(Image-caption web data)

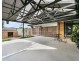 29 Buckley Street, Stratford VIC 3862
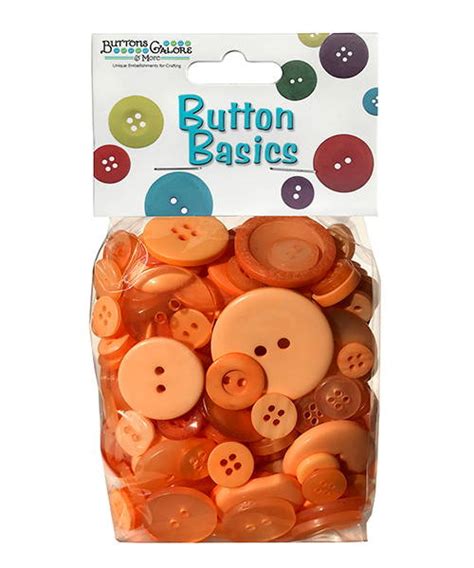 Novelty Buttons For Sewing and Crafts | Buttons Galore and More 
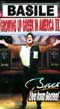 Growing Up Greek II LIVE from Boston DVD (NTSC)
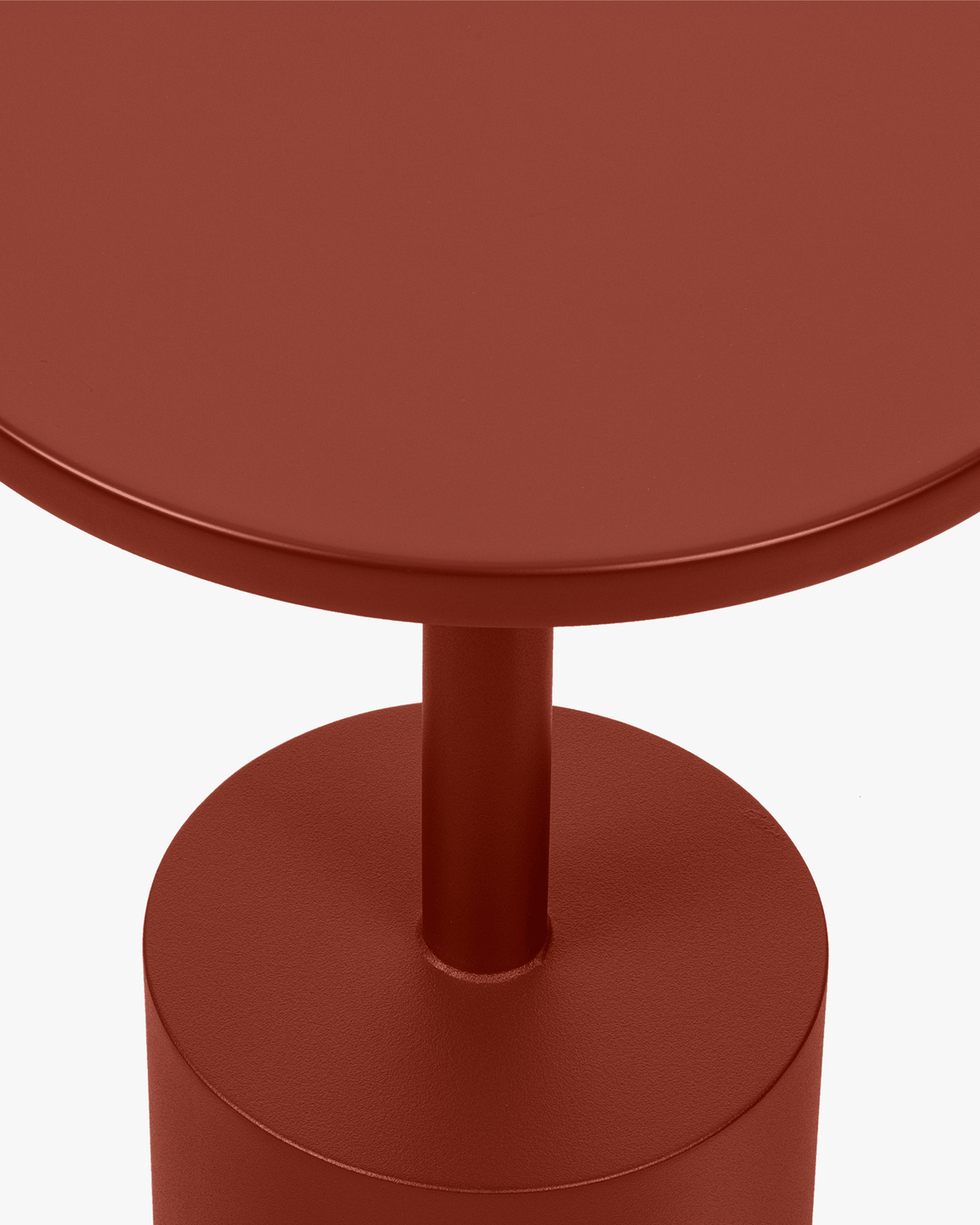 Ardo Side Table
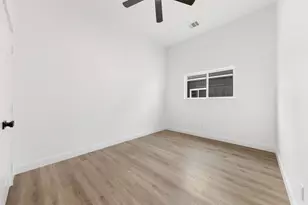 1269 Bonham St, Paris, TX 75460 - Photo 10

#### TASK ITEM
Every entry above is to be printed again exactly, pictures omitted.

#### SOLUTION BELOW
 29 Buckley Street, Stratford VIC 3862
 Novelty Buttons For Sewing and Crafts | Buttons Galore and More 
 Growing Up Greek II LIVE from Boston DVD (NTSC)
 Ardo Side Table
 1269 Bonham St, Paris, TX 75460 - Photo 10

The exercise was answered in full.